Sunday, November 19, 2023

The Wolf House (La Casa Lobo)

  When I was a kid I used to watch a show that would put on all sorts of eastern European animation shorts. Czech madman Jan Švankmajer was a constant fixture, of course, but they had all sorts of crazily creative, obsessively realised nightmare fuel. One short, which I retroactively identified as an adaptation of Maupassant's The Horla many years later upon reading it, kept me terrified well into adulthood.

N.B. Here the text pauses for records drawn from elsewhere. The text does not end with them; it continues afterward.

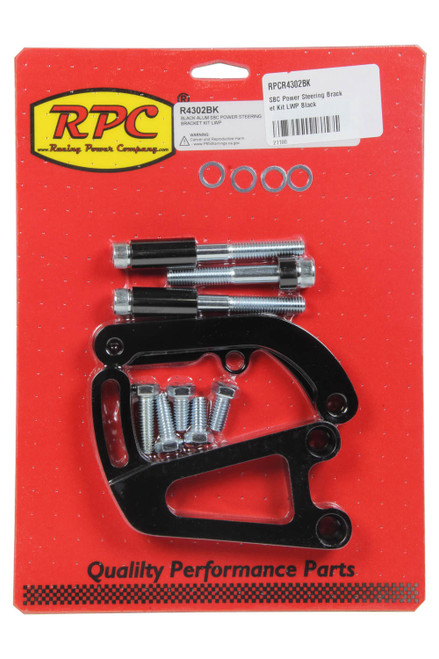 Racing Power Co-Packaged R4302BK Power Steering Pump Bracket, Driver Side, Block Mount, Aluminum, Black Anodized, Long Water Pump, Small Block Chevy, Kit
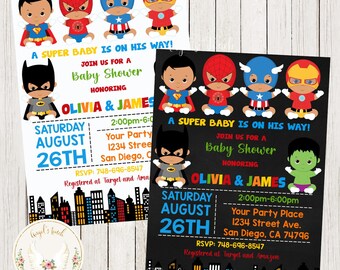 Superhero Baby Shower Invitation, Superhero African American Boys Baby Shower Invitation, Super Boys, Printable Invitation, Digital File.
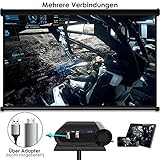 Mini Beamer ELEPHAS, Nativ 720P HD 4500 Lumen Projektor 200″ LED Projektor, für Film Unterhaltung Spiele, unterstützt HDMI VGA AV USB Micro SD, Schwarz. MEHRWEG - 6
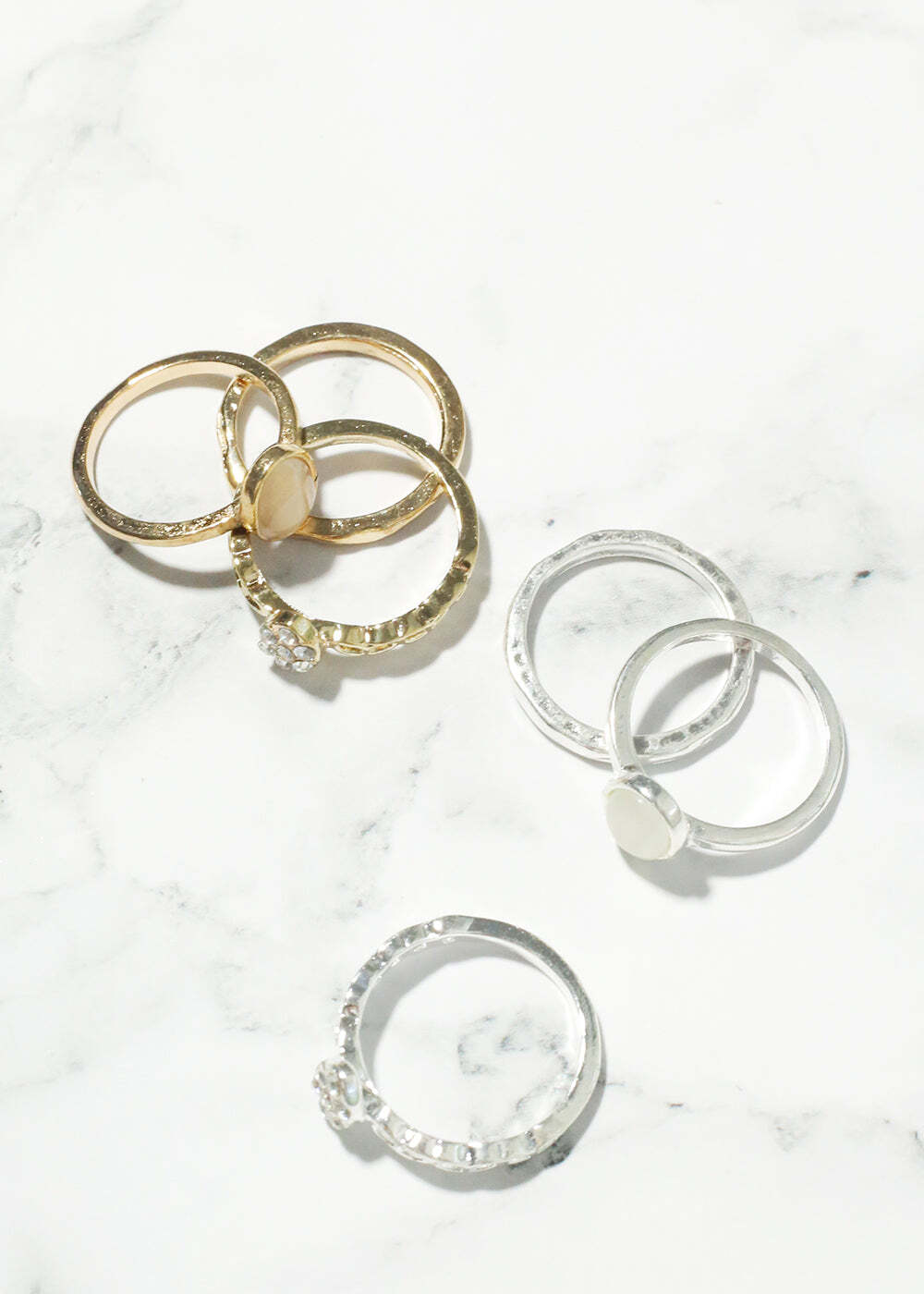 3 Piece Gem and Rhinestone Rings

 Chilean film The Wolf House would have fit right in that show. It kicks off with a prologue where some narration over archival footage explains that this is a sort of cultural outreach program from an isolated German colony somewhere in Chile, one that despite their protestations seems distinctly cultish. They offer a film from their archives, an incredibly creepy artifact to convince everyone that they aren't creepy at all.

 The film is, of course, The Wolf House. It's a cautionary tale about a girl, Maria (voice: Amalia Kassai), who ran away from the Colony because she wanted to play with her pigs and not work. She escapes through a dark forest, evading a Wolf (Rainer Krause) who keeps taunting her, and finds refuge in a small house where she decides to raise the two pigs she finds as humans.
 That's going to be most of the movie: a dark, surrealist cautionary fable that follows Maria and her new family as they try to build a life in isolation under the constant disapproving gaze of the Wolf, who acts as the point of view of the commune- a deeply troubling, paternalistic presence throughout the film.

Maria, in the process of entering the scene.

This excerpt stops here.